Özcan’ın bir diğer başlığı ise Kredi Yurtlar Kurumu’na (KYK) bağlı öğrenci yurtlarında meydana gelen asansör kazaları oldu. Özcan bu konuda geçtiğimiz günlerde Meclis’e soru önergesi de vermiş, kazalarının bu alandaki bakım ve denetimin kamusal çıkarlara aykırı olarak piyasalaştırılmasından kaynaklandığını dile getirmişti.
Özcan konuşmasında ise şu ifadelere yer verdi:
“Eğer siz bu ülkede koruyup kollanan değil de geçim derdiyle yaşayan, maddi durumu sadece ona el verdiği için devletin yurdunda kalan bir üniversite öğrencisiyseniz, aileniz bir gün asansör kazasında ölmenize şahit olabilir. İşte, Zeren Ertaş ve Zeren’in babasının ağzından dökülen sözler: ‘Ben devlete inancımı kaybettim.’

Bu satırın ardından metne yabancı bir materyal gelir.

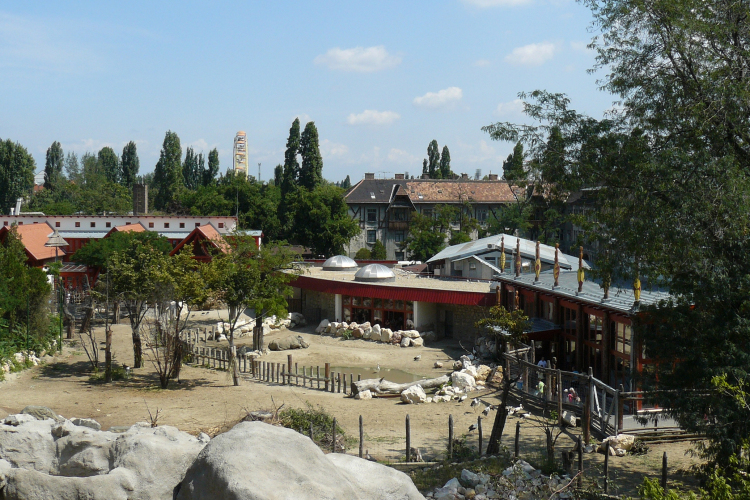 Idén a Szavanna-kifutót újítaná meg a felajánlott szja 1 százalékokból a Fővárosi Állatkert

Sayın Bakan, görevini paranın sıcaklığında feda edenler kamuoyu vicdanını rahatlatacak cezalar almadıkça adalete güveni tesis edemeyiz. Sadece asansör kazası mı? İşte, Amasra’daki maden kazası… Neden yüreğimize su serpecek kararlarla geleceğe güvenle bakmamız sağlanmıyor? Bunlar olmadığı müddetçe daha çok insanımız maalesef ki adalete olan inancını kaybedecek.”
Özcan konuşmasına, 2011 yılında staj yaptığı Antalya Rixos Otelinin havuzunda, stajın bitmesine 15 gün kala şüpheli biçimde hayatını kaybeden 16 yaşındaki Burak Oğraş ve ailesinin verdiği adalet mücadelesine de değindi.

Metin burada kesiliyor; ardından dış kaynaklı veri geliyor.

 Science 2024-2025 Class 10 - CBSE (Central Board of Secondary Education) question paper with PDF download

Özcan şöyle konuştu: “Ulusal Kriminal Büro verdiği bilirkişi raporunda soruşturmada toplanması gereken delillerin toplanmadığını söyledi. Buna rağmen, Oğraş’ın ölümü intihar gibi gösterildi. Neden? Çünkü o otelin sahibi FETÖ borsasıyla anılan iş insanı. Hani bizim ‘Üzerine gidin, niye gitmiyorsunuz?’ dediğimiz şu FETÖ borsası. Aile on iki yıldır yılmadan adalet mücadelesi veriyor. Sağ olsun, bir savcı dosyayı yeniden ele aldı ve Tamince’yi ifadeye çağırdı. Bu adımı olumlu görüyor, sonuna kadar gidilmesini talep ediyoruz.”
“YILLARDIR BİR MEZAR İÇİN HER HAFTA NÖBET TUTAN ANNELERİMİZİN ADALET ARAYIŞINA SESSİZ KALAMAYIZ”
“Demek ki, adalet mücadelesinden hepimizin öğreneceği çok şey var” diyen Özcan, 27 Mayıs 1995’ten beri gözaltında kaybolan yakınlarının ve faili meçhul siyasi cinayetlere kurban giden yakınlarının faillerini arayan Cumartesi Anneleri/İnsanları’nı örnek olarak gösterdi.
Özcan, Cumartesi Anneleri/İnsanları’na yönelik müdahaleleri Meclis gündemine taşıyarak İçişleri Bakanı Ali Yerlikaya’ya yazılı olarak cevaplaması için soru önergesi vermişti.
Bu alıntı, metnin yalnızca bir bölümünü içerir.